**YOUR INSTRUCTIONS**.
Print the lines of the listing below verbatim from its first line through the line bearing "Wedding ring. Golden". Any pictures are to be omitted.

**DATA EXTRACT**.
************
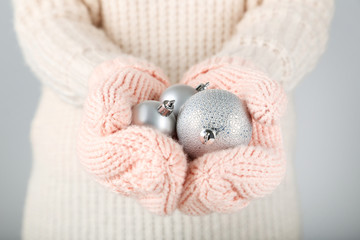 Hands in knitted mittens holding christmas baubles on grey background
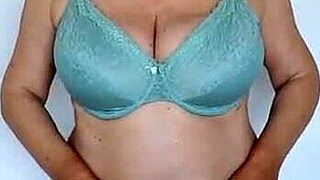 busty granny maria swaps beige lingerie for mint green titty tease show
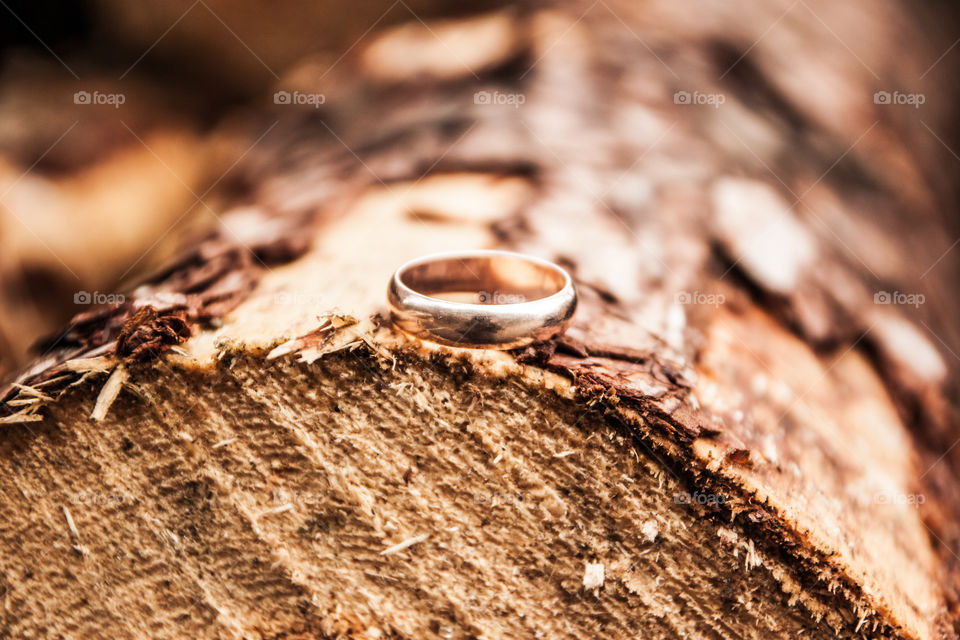 Wedding ring. Golden ring lying on a wooden trunk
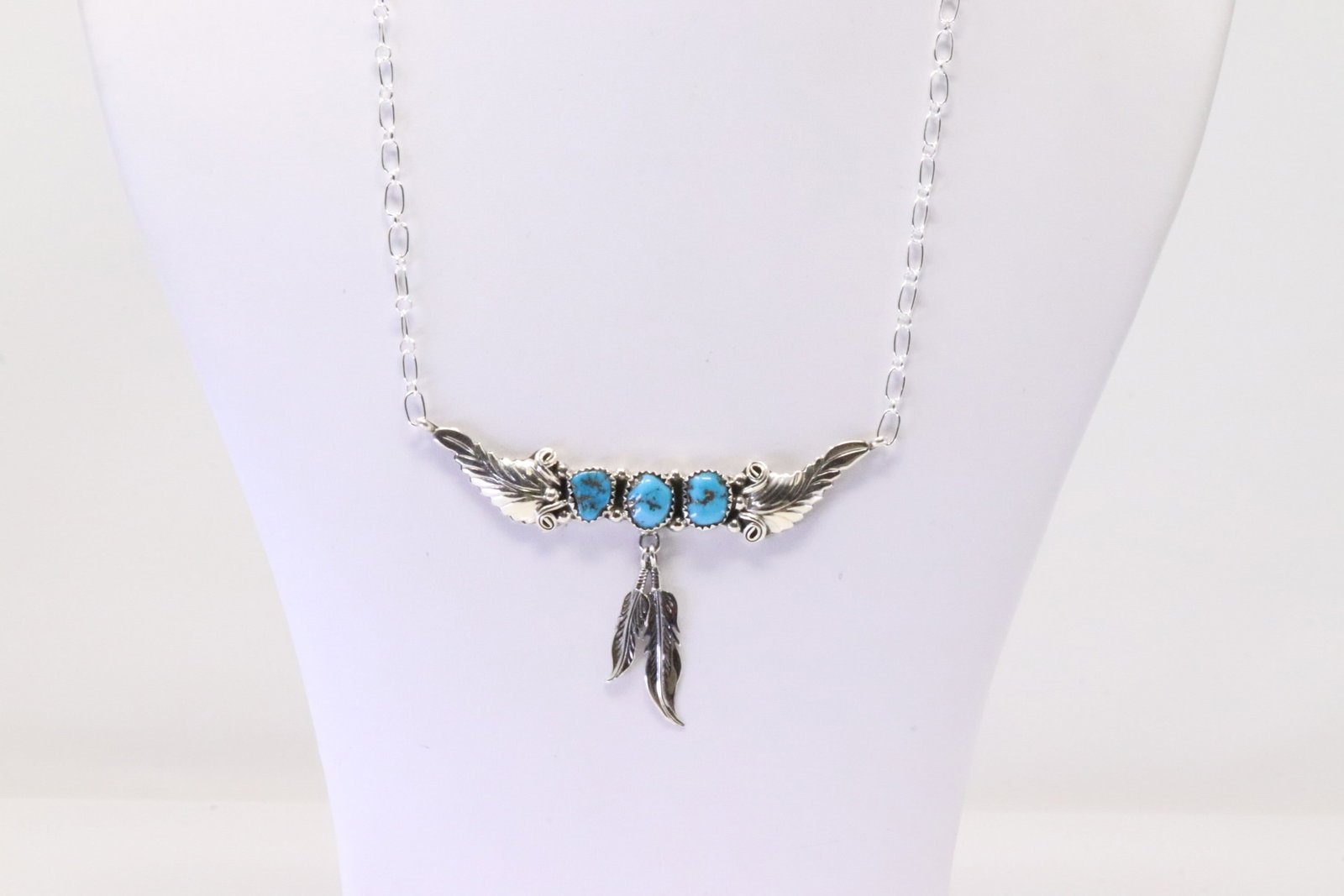 Native America Navajo Sterling Silver Turquoise Necklace Feather By Sadie Jim.: This is a Native America Navajo Sterling Silver Turquoise Necklace Feather By Sadie Jim. Necklace length: 16.00"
************
**EXERCISE RESULT**.
 Hands in knitted mittens holding christmas baubles on grey background
 busty granny maria swaps beige lingerie for mint green titty tease show
 Wedding ring. Golden ring lying on a wooden trunk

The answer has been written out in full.